▶ **Action item**:
What I need is an exact repeat of the lines from the one with "インベスト塚口S-FRONTの居間・リビング" through the end of the listing below. Leave out every picture.

▶ **Provided material**:

§

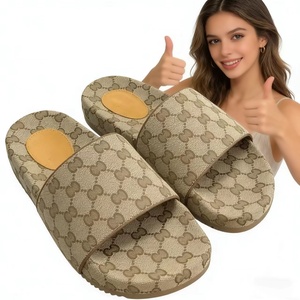 Chaussures de luxe pour hommes et femmes, sandales décontractées de haute qualité pour l'extérieur, style plage et marche, pour hommes et femmes. - Product Image 1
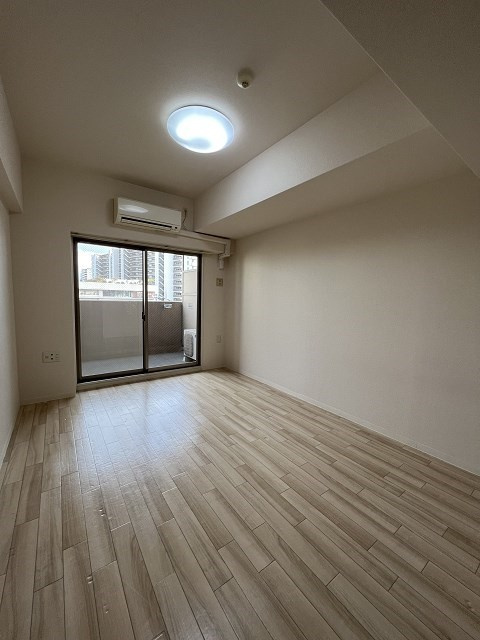 インベスト塚口S-FRONTの居間・リビング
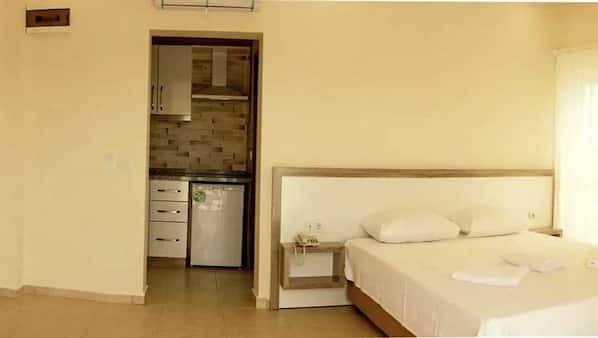 Zimmersafe, Verdunkelungsvorhänge, Bügeleisen/Bügelbrett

§

▶ **Task answer**:
 インベスト塚口S-FRONTの居間・リビング
 Zimmersafe, Verdunkelungsvorhänge, Bügeleisen/Bügelbrett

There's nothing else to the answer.